As someone with a short attention span, I often struggle to finish full-length novels. Even if I like the plot and even though I love reading, many novels feel like marathons for me. If novels are a marathon, short stories are a sprint. If you dislike the short story, you avoid the feeling of having wasted large amounts of time like you would if you dislike a novel. If you love a short story, they’re just as rewarding as completing a novel you love. I include both short stories and novellas in this list. These are short stories that, as an English and creative writing major, I think would be rewarding for casual readers. That is to say, none of these are very experimental. One is nonfiction, four are horror, and all five are unforgettable.
Read on to find out more about these 5 short stories you should read:
1. The Most Dangerous Game by Richard Connell
This story was assigned reading in my eighth-grade English class, and one of the only readings I look back fondly on. I think to remember the plot as intimately as I do almost seven years later is a testimony to the quality of the tale. The story is a fever dream: a rich man hunting poor men for sport. This tale became infamous among my friend group, and quoting the title became an inside joke. You’ve probably seen references to this story in popular culture, understandably so.
“Rich people f–king suck,” University of Iowa Junior Lila Robbins said. “And it does a good job showing why.”

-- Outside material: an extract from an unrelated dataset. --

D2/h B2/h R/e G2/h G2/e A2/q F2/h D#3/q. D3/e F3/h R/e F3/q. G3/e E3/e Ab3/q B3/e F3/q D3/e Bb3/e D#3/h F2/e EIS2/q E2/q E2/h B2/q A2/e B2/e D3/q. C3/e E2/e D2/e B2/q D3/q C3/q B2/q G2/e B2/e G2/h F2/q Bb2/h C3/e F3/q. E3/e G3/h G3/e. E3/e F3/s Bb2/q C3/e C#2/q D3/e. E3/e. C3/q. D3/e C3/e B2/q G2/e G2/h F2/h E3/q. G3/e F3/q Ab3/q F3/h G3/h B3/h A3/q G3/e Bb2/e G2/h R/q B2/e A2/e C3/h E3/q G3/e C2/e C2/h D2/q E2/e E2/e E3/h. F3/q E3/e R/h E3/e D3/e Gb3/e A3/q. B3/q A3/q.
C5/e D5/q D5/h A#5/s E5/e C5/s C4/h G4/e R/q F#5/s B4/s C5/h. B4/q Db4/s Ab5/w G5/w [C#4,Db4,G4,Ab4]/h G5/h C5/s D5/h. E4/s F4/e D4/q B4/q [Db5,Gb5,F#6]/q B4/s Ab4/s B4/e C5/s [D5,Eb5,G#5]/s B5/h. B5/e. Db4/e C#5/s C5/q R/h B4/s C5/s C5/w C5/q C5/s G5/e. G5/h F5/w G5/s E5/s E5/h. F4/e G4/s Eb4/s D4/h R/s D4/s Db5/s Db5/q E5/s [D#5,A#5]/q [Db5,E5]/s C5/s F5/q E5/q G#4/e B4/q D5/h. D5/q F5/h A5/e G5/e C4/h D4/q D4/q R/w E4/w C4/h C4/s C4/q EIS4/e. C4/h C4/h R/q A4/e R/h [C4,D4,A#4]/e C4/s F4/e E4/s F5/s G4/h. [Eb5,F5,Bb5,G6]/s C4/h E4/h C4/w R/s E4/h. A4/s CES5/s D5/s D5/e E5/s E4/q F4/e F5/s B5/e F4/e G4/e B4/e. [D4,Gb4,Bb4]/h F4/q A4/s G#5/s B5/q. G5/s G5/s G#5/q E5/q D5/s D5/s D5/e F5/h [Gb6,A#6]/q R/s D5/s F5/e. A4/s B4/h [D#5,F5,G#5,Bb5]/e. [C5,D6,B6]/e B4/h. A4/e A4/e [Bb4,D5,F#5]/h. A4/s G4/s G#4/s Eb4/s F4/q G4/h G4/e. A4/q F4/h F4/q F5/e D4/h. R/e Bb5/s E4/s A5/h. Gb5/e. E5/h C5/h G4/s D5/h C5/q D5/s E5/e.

Set on a remote island, this horror short story packs into 11,500 words what some authors can’t work into a full-length novel— social commentary. Horror and society are more closely intertwined than one may expect. The scariest stories work with and expose the shortcomings of society to create psychological thrillers. Playing on class conflict and the eccentricities of the ultra-wealthy, the scariest part of this short story is that it could happen.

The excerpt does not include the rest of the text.